Manoah and His Wife...

8 Then Manoah prayed to the LORD, and said, “O my Lord, please let the Man of God whom You sent come to us again and teach us what we shall do for the child who will be born.”
9 And God listened to the voice of Manoah, and the Angel of God came to the woman again as she was sitting in the field; but Manoah her husband was not with her.
10 Then the woman ran in haste and told her husband, and said to him, “Look, the Man who came to me the other day has just now appeared to me!”
11 So Manoah arose and followed his wife. When he came to the Man, he said to Him, “Are You the Man who spoke to this woman?” And He said, “I am.”
12 Manoah said, “Now let Your words come to pass! What will be the boy’s rule of life, and his work?”—Judges 13:8-12

Manoah is my new favorite character in Scripture!  

First off... Manoah had no doubt that what the Man of God said would come to pass.  Manoah believed God.  

Second, Manoah entreated the Lord.  Manoah was a “man of prayer”.  Manoah was teachable.  His desire was to clarify what his duties would be in regard to the child that would be born. I loved that. He was zealous to do what was right. Verse 9 tells us that God listened to the voice of Manoah. God always hears and answers our prayers that come from a humble heart that truly desires to follow and obey Him. 

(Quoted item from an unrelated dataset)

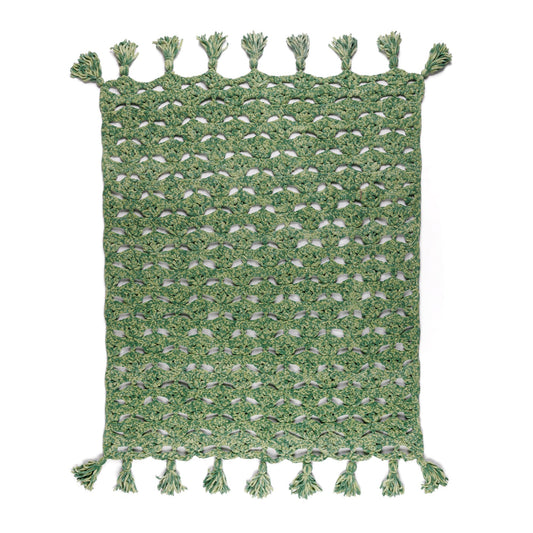 Budding Leaves Crochet Blanket made using Bernat yarn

Good and upright is the LORD;
Therefore He teaches sinners in the way.
The humble He guides in justice,
And the humble He teaches His way.—Ps 25:8-9

Thirdly, Manoah also believed his wife and was not insulted when the Angel of God appeared to his wife a second time and not to him.  She ran to get him and he gladly and humbly followed her.  

Manoah’s faith does falter when he learns the true identity of their visitor. 

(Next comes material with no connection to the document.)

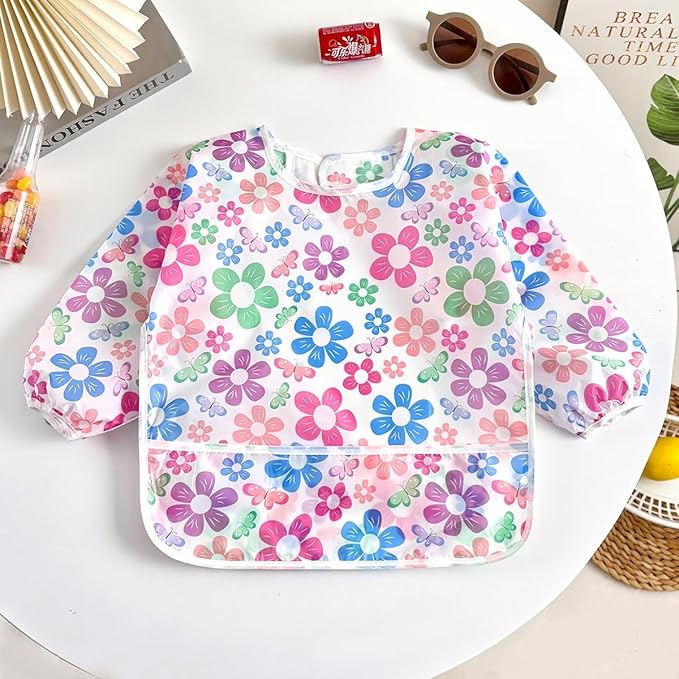 PandaEar 3 Pack Waterproof Baby Long Sleeve Bibs for Girls, Lightweight Toddler Art Smock with Catch-All Pocket, Washable Mealtime Bibs for Eating & Messy Play, Fits 6-24-36 Months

And Manoah said to his wife, “We shall surely die, because we have seen God!”—Judges 13:22

And here is where I see that although Manoah’s faith was strong, his wife’s was stronger.   That made me love them both!  She encourages him in a practical way and he listened to her voice. 

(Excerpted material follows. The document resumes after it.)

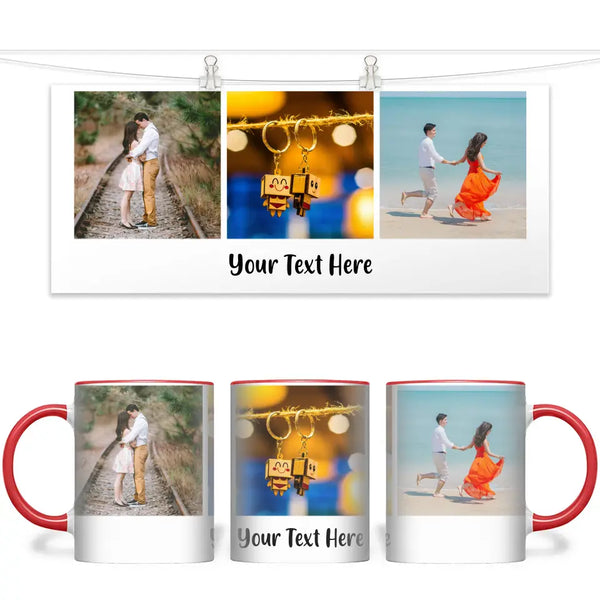Personalised 3-Photo Collage Mug with Custom Text - Custom Gift for Family & Pet Lovers - 11oz Ceramic - NZ Made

But his wife said to him, “If the LORD had desired to kill us, He would not have accepted a burnt offering and a grain offering from our hands, nor would He have shown us all these things, nor would He have told us such things as these at this time.”

As a woman, my first and primary God-given ministry is to my husband.  Praying to be the kind of helpmeet to my husband that Manoah’s wife was to him.  She is not named in Scripture.  She is referred to and remembered as the wife of Manoah.  I liked that. It made think of being of one flesh with my own husband... being of one accord and of the same mind... serving our God together as one flesh.  

Father,

May I be, by Your Spirit, the kind of helpmeet to my husband that encourages his faith.  The kind who spends time sitting at the Lord’s feet.  The kind whom his heart can safely trust.  The kind, as it says in Hebrews 10, that holds fast the confession of my hope without wavering because He who promised is faithful. The kind that thoughtfully considers how she may encourage her husband to love and to do good deeds.